Smallest possible tension and its angle

1. Sep 18, 2011

Malki92

1. The problem statement, all variables and given/known data
determine the value of Beta for which the tension in cable B is as small as possible, then find the corresponding tension. Given Alpha = 5 degrees and the weight of the object is 12kN
This is an image of it http://imageshack.us/photo/my-images/801/unledgsn.png/

2. Relevant equations
Fy=0 Fx=0 (at equilibrium)

3. The attempt at a solution
Fx= -TAsin5 + TBcos(Beta)
Fy=TAcos5 - TBsin(Beta) - 12

from Fx i get TA = (TBcos(Beta))/Sin5
and i plug it into Fy to get 12=TB(11.4cos(Beta)-sin(Beta))

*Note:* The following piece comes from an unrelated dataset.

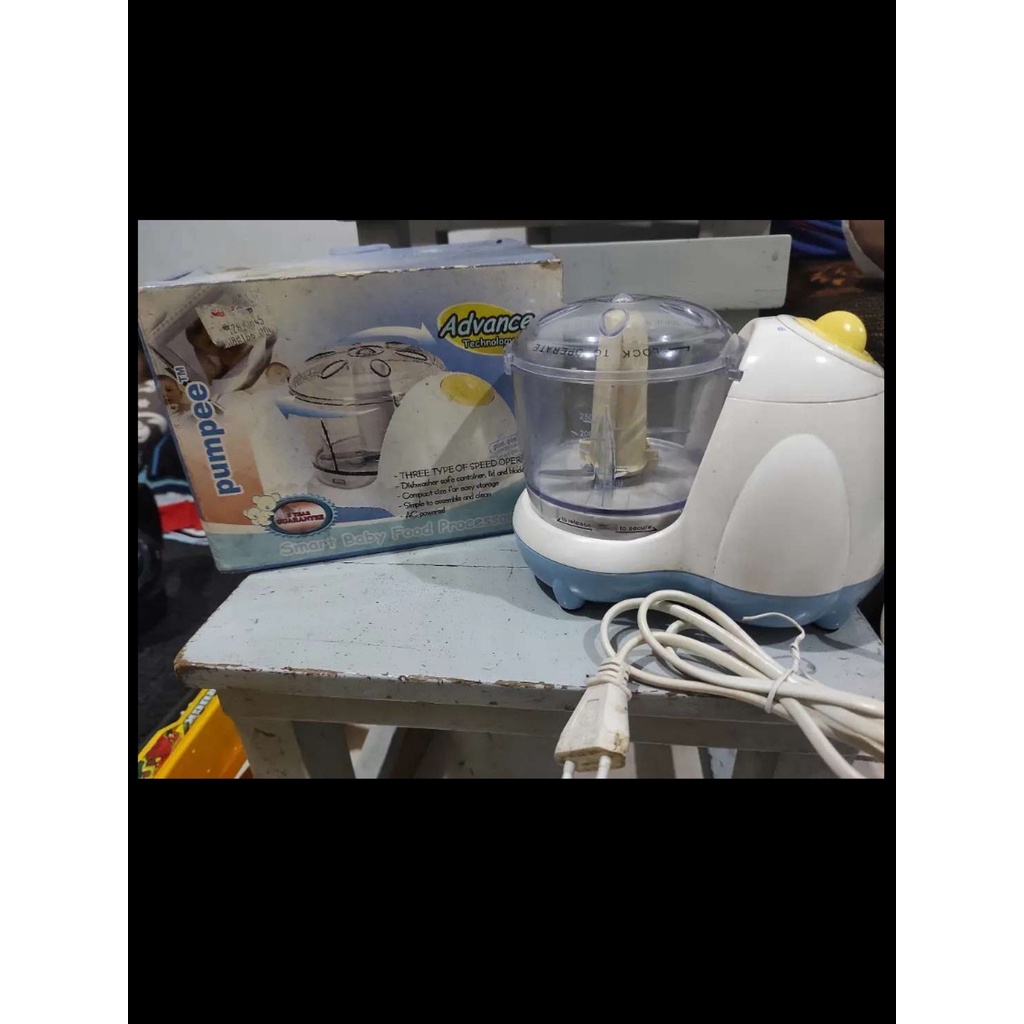 Preloved food processor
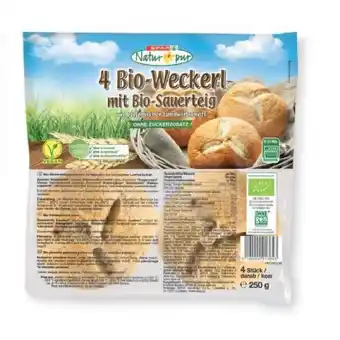 Spar 4 Bio-Weckerl mit Bio-Sauerteig zum Fertigbacken SPAR Angebot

but this doesnt answer my first question of what is the angle, only helps with part 2 of the question..

2. Sep 18, 2011

Spinnor

Have you learned about torque? If so measure the torque about some point along the arrow labeled tension in A, say the arrow head of tension A. In equilibrium the sum of the torques will be zero. Then it is clear what the angle beta should be so as to maximize the torque about that point due to the tension in B and thereby minimizing the tension in B.

3. Sep 18, 2011

Malki92

thanks for the reply, but well we havn't studied torque yet so we are supposed to use another way that depends on components of force vectors, we are currently studying statics in particles. so is there a way that is similar the solution Im using?

4. Sep 18, 2011

Spinnor

Let us assume what you wrote is correct,

12=TB(11.4cos(Beta)-sin(Beta))

To make TB minimum we want (11.4cos(Beta)-sin(Beta)) to be maximum. So set

d (11.4cos(Beta)-sin(Beta)) / d beta equal 0 ?

5. Sep 19, 2011

Malki92

i thought so too but then if I use -5 for beta ud get lower tension.. and for -10 you'd get about the same amount as of -5.

6. Sep 19, 2011

Spinnor

Near the angle of minimum tension (-5 degrees), tension varies slowly with change in angle.